Short web captions:
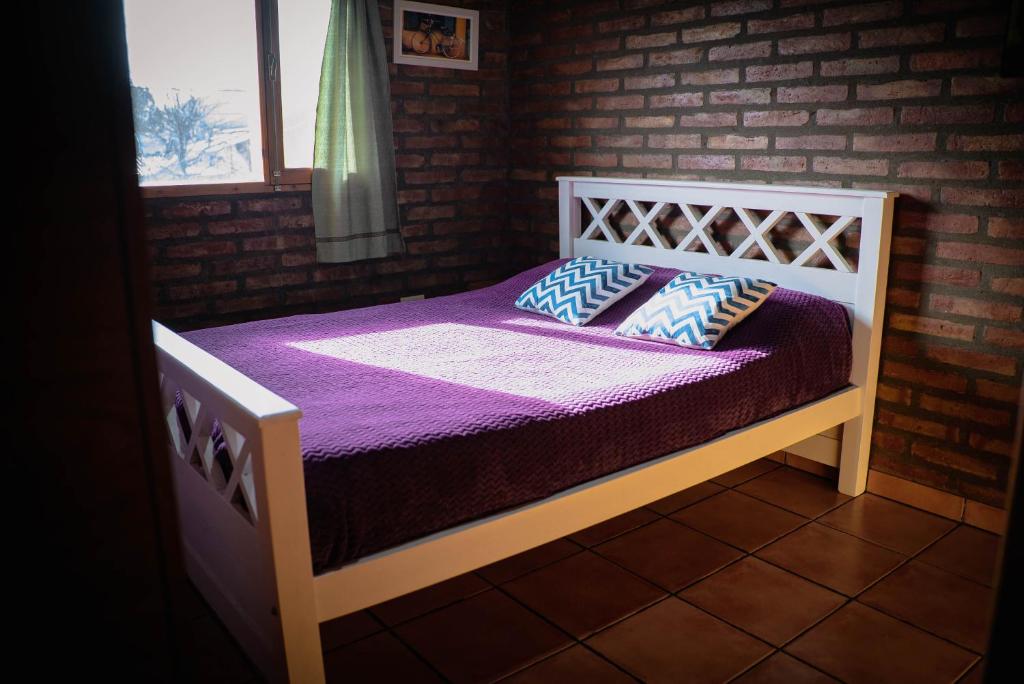 Schlafzimmer mit einem Bett mit lila Bettwäsche und Kissen in der Unterkunft Cabaña Los Lúpulos in El Bolsón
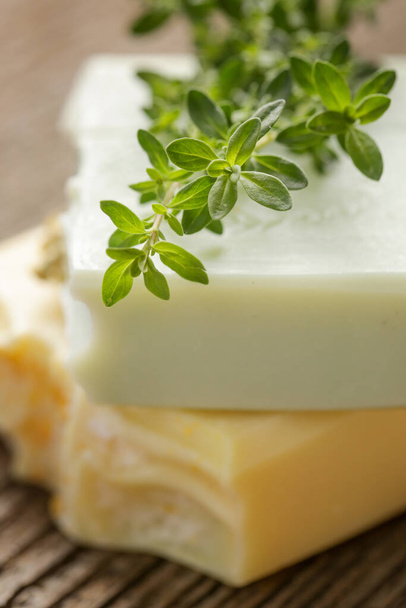 Oregano lemon scented handmade soap bars, close up. Homemade toxic-free natural organic cosmetic  - Photo, Image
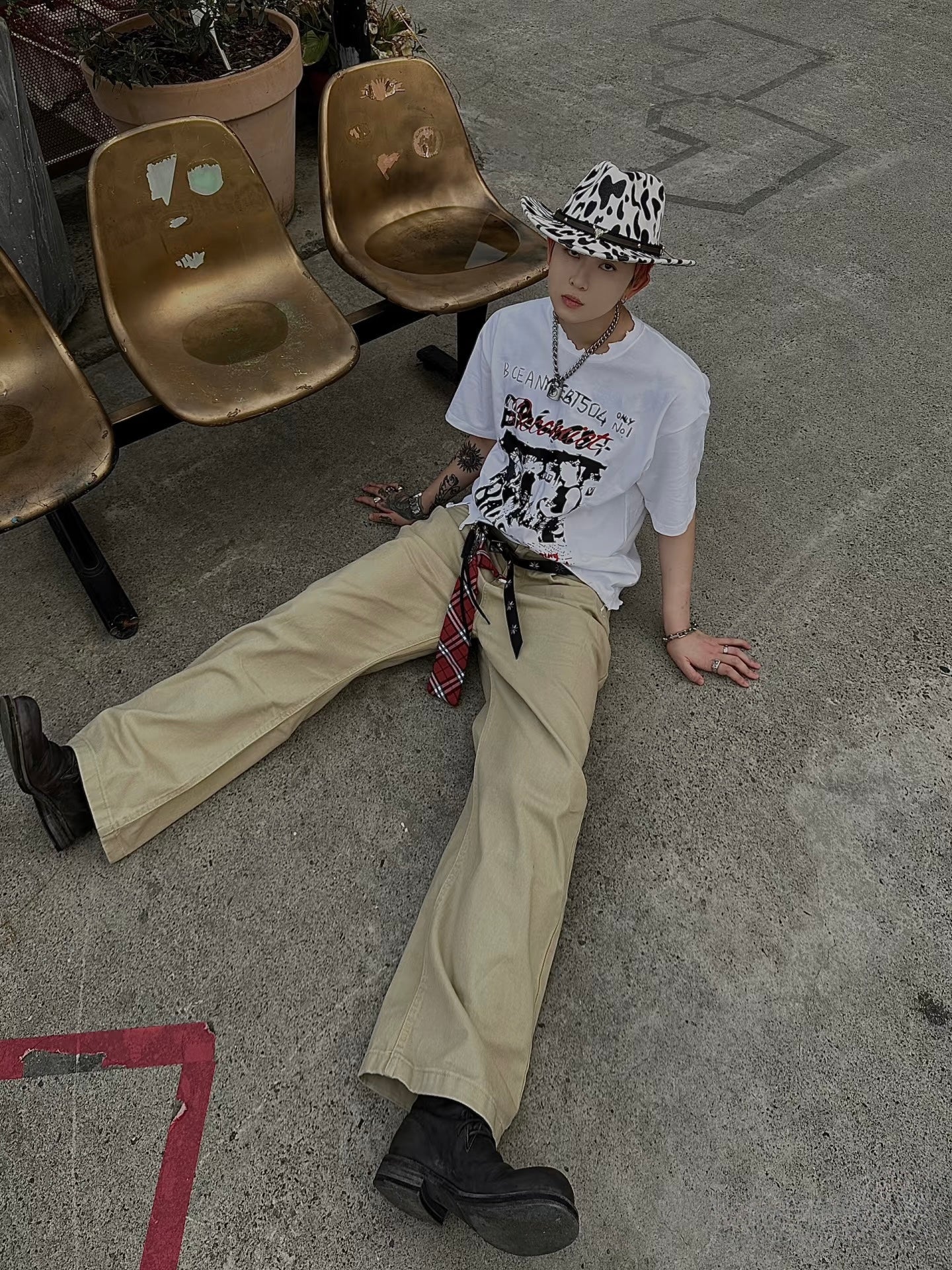 Person sitting on the ground wearing a white graphic t-shirt, beige pants, and a patterned hat.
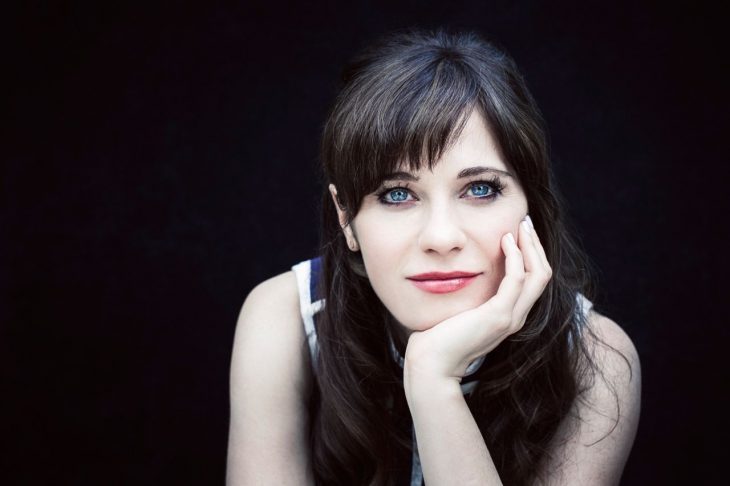 Zoey Deschanel con su mano sobre la barbilla sonriendo 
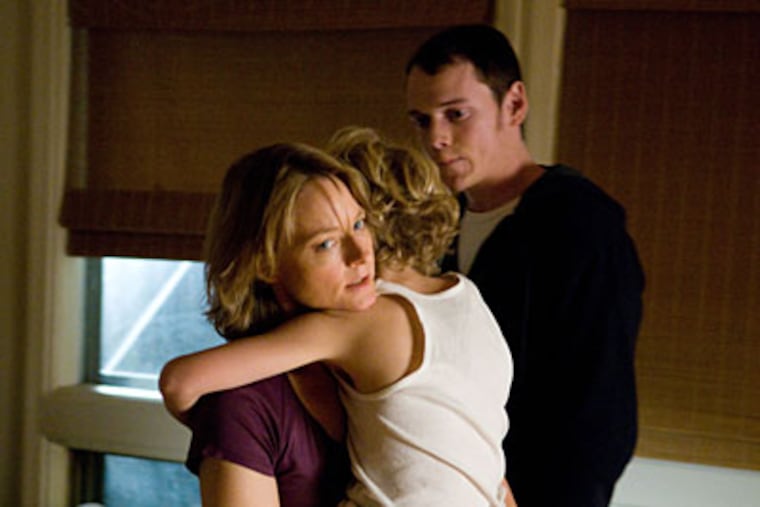 Jodie Foster with Riley Thomas Stewart (center) and Anton Yelchin in "The Beaver."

> [Problem statement]: Every record must be duplicated exactly, except for the pictures, which are left out.

> [Your response]:
 Schlafzimmer mit einem Bett mit lila Bettwäsche und Kissen in der Unterkunft Cabaña Los Lúpulos in El Bolsón
 Oregano lemon scented handmade soap bars, close up. Homemade toxic-free natural organic cosmetic  - Photo, Image
 Person sitting on the ground wearing a white graphic t-shirt, beige pants, and a patterned hat.
 Zoey Deschanel con su mano sobre la barbilla sonriendo 
 Jodie Foster with Riley Thomas Stewart (center) and Anton Yelchin in "The Beaver."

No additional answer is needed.